Louras said the “community is not at risk” and he defends the way he handled the settlement matter. He said that opponents encouraged by Trump’s candidacy are “driven by fear of the unknown.” In the aftermath of the terrorist attack in Paris last November, when many -- and most Republican -- U.S. governors said they wouldn’t accept Syrian refugees, Vermont’s Democratic Governor Peter Shumlin said his state would.
Louras said he saw in that an opportunity to revive Rutland, so he approached Shumlin and the State Department about being the first community in the state to accept refugees.
Emotions here mirror the national debate over refugees fleeing the civil war in Syria. While European and Middle Eastern countries have taken in more than 4 million refugees and Canada resettled about 25,000 during a four-month period starting last November, President Obama’s goal of accepting 10,000 this year is hindered by politics and the specter of terrorism.
The 4th of July holiday passed with plastic American flags lining a mile-and-a-half stretch of Main Street.
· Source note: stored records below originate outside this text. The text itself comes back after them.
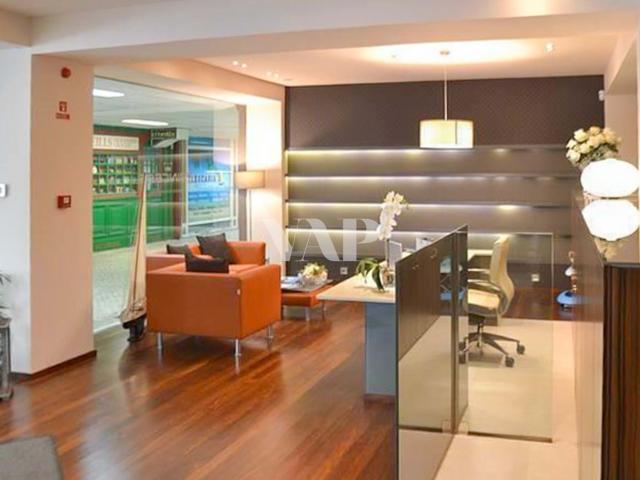 Espaço comercial para venda na Marina de Vilamoura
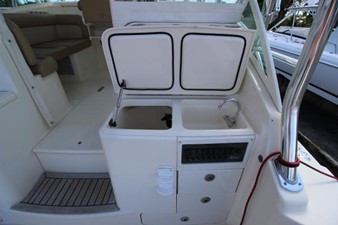 Stocks & Blondes 17 Livewell & Sink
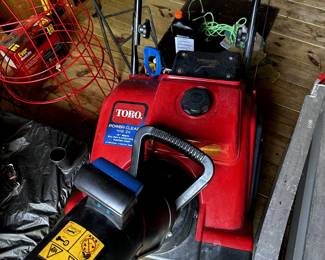 TORO SNOW BLOWER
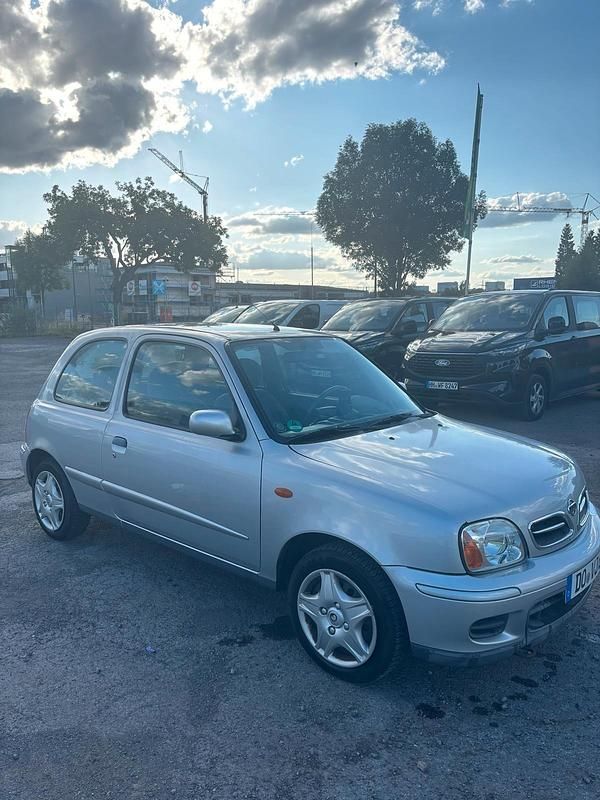 Silber Gebraucht 2002 Nissan Micra Kleinwagen | 500 € - Bild 1/4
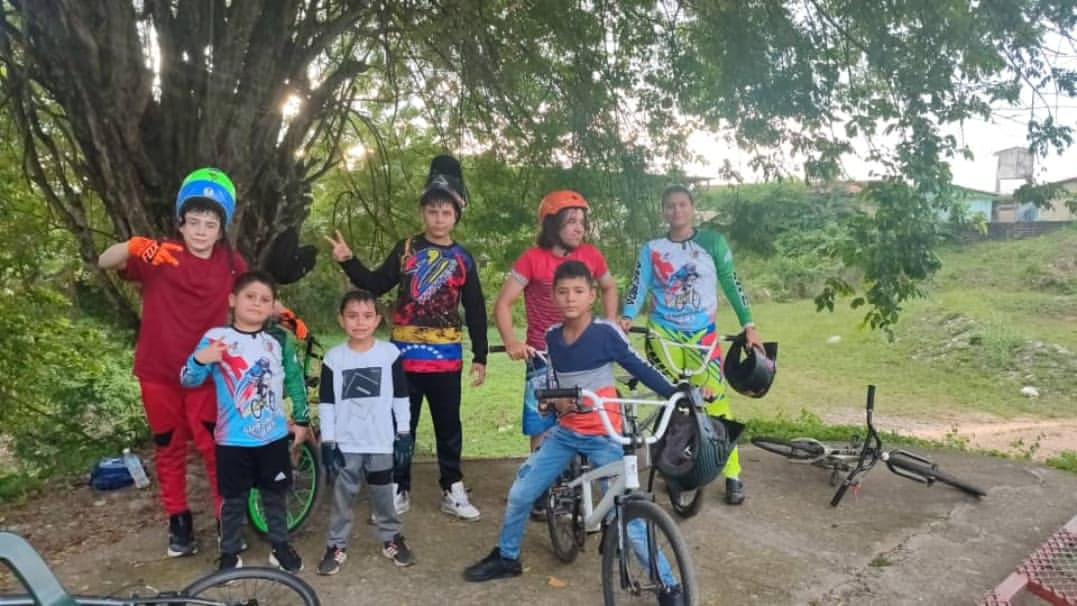 Diario Frontera, Frontera Digital,  El Vigía Panamericana, ,Pista de bicicros de El Vigía invadida por ganado sin dueño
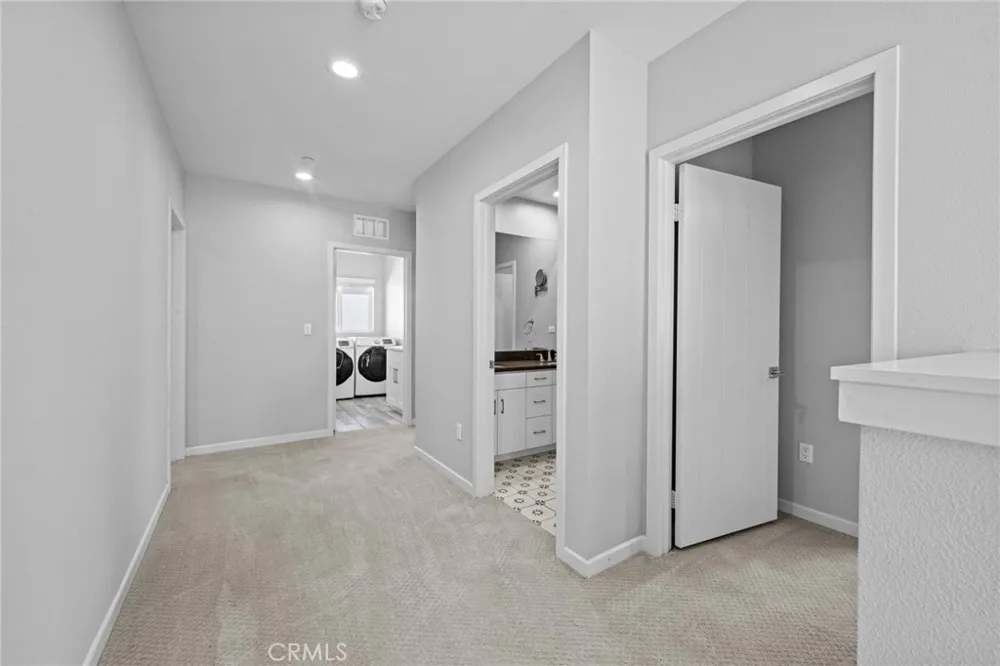 15607 W Lilli Way Van Nuys, CA 91406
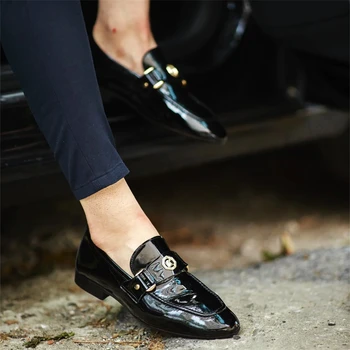 Нови сватбени обувки за мъже; Лоферы; Однотонная бизнес официалната обувки без обков с кръгла пръсти; Размер на 38-47; Мъжки модел обувки;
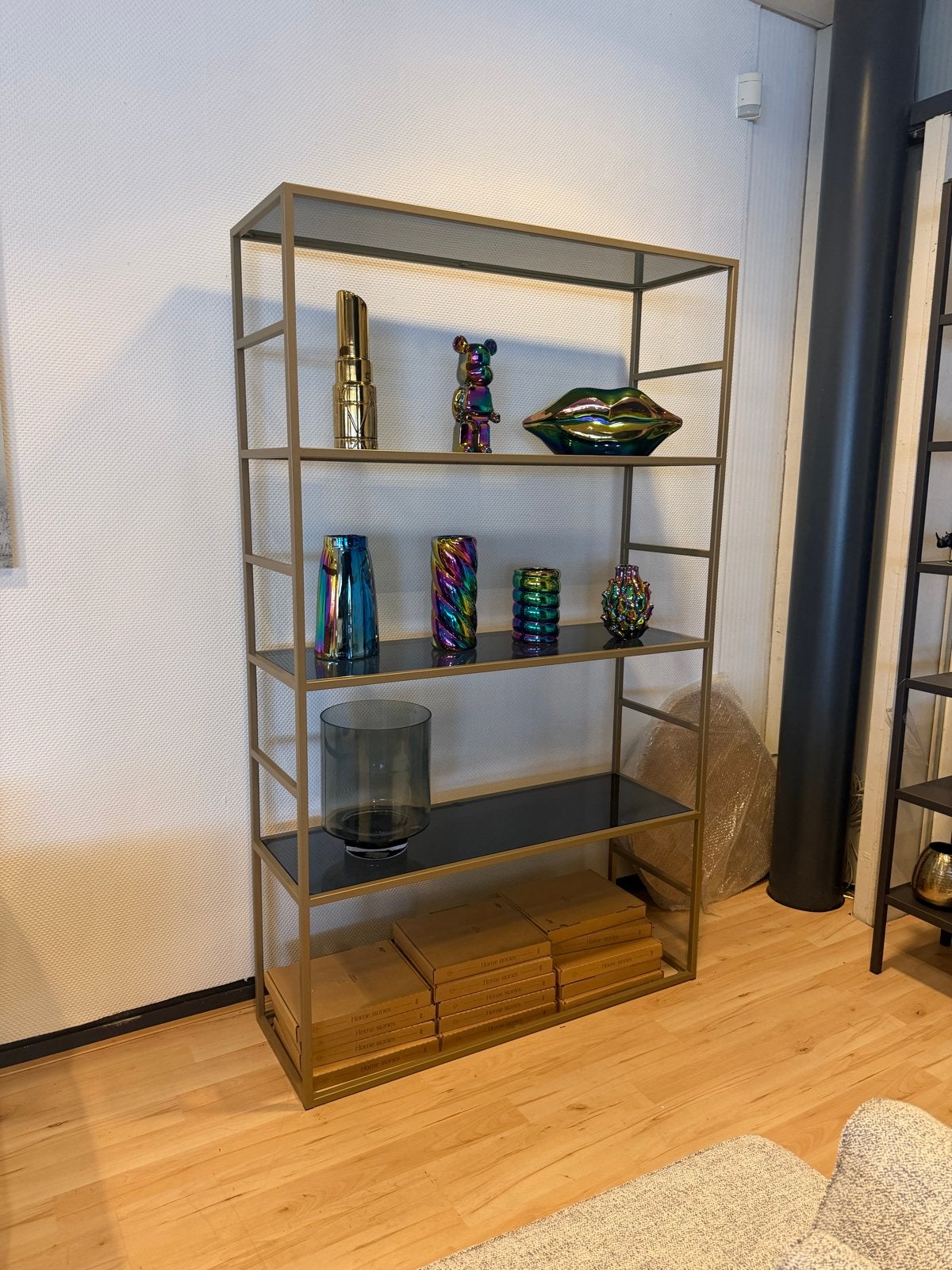 Gouden Stellingkast met Glazen Planken - 200x40x120 cm, Ophalen of Verzenden, Zo goed als nieuw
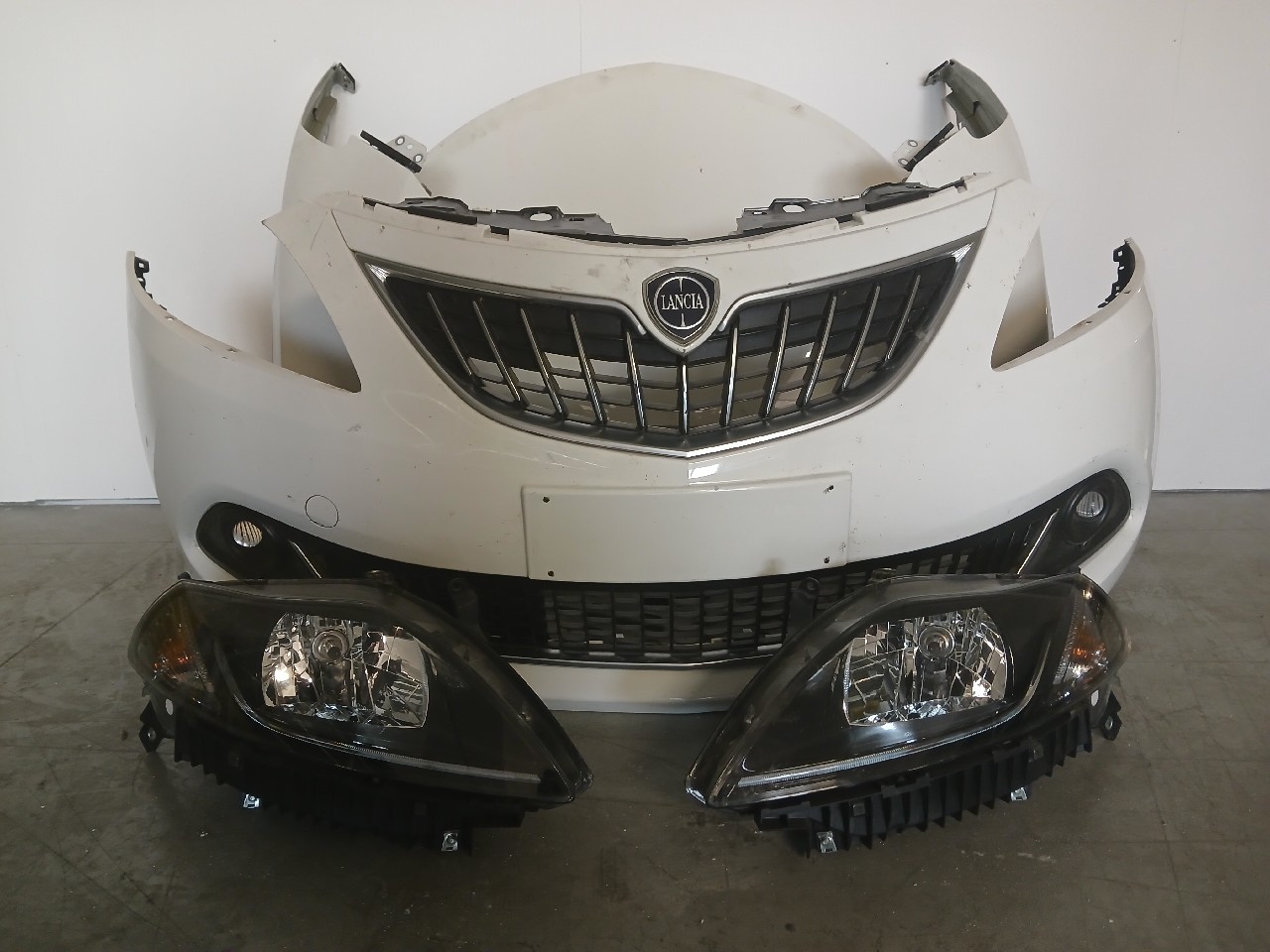 Lamierati anteriori LANCIA YPSILON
The dispute isn’t evidenced by yard signs, but by posts on the internet and conversations among divided residents.
"What people were saying about Italian immigrants a long time ago mirrors what’s said today," said William Notte, the president of Rutland’s Board of Aldermen and a fifth-generation Italian. "Just take out terrorists and put in Sicilian gangsters."
Foreign Reinforcements
Resettlement supporters hosted a presentation last week by the city manager of Winooski, a northwest Vermont town of 7,300 that was aging and losing population until it started accepting refugees from Vietnam, Cambodia, Laos and other countries -- more than a thousand in the past three decades.
“It’s hard to deal with the unknown, but we now have a growing population and we’re younger,” said Katherine Decarreau, the city manager.
For Dave Trapeni, a two-time mayoral candidate and opponent of the resettlement, the risk of giving terrorists a toe-hold in Rutland is too great. If they weren’t Muslim, Trapeni said he wouldn’t be complaining.
“Look at Orlando, San Bernardino,” Trapeni said, referring to terrorist attacks there. “People are scared.”
Opponents collected more than the minimum 500 signatures required to ask the town’s city council to authorize a public vote. That approval hasn’t been granted by the council, and even if it is, the result wouldn’t be legally binding.
Still, the spectacle of a public vote on resettling Syrians would be an “albatross” around the neck of Rutland, making the town “look petty and backwater” to the rest of the nation, Notte said.
“We’re going to be getting people who in 4 or 5 years will be buying homes and being productive. They won’t be a drain – I think they’ll be a shot in the arm,” Notte said.
“There will always be people opposed to immigration,” Notte added, “but now we need to move on and stop the circus.”